(ASSIGNED TASK): Print the listing exactly, but only as far as the line containing "9746 Drew Street - Photo 7". The first line and that line are both included.

== == ==

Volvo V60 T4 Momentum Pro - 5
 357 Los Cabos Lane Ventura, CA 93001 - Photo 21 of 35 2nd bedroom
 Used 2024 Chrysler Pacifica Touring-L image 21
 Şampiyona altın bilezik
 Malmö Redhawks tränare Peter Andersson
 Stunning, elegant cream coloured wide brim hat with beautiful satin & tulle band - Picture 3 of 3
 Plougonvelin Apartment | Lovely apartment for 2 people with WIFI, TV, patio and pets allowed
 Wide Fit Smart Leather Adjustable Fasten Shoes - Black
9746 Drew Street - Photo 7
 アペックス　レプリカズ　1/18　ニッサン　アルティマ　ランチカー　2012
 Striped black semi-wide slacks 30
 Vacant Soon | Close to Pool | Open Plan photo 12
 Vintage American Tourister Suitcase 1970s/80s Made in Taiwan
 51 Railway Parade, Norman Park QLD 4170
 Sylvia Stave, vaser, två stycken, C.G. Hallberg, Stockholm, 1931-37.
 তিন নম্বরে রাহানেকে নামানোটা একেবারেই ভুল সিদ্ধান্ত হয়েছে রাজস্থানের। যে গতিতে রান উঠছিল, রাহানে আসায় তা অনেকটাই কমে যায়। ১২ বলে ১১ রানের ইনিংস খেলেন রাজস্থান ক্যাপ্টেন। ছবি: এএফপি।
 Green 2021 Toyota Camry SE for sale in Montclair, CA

== == ==

(RESULT):
Volvo V60 T4 Momentum Pro - 5
 357 Los Cabos Lane Ventura, CA 93001 - Photo 21 of 35 2nd bedroom
 Used 2024 Chrysler Pacifica Touring-L image 21
 Şampiyona altın bilezik
 Malmö Redhawks tränare Peter Andersson
 Stunning, elegant cream coloured wide brim hat with beautiful satin & tulle band - Picture 3 of 3
 Plougonvelin Apartment | Lovely apartment for 2 people with WIFI, TV, patio and pets allowed
 Wide Fit Smart Leather Adjustable Fasten Shoes - Black
9746 Drew Street - Photo 7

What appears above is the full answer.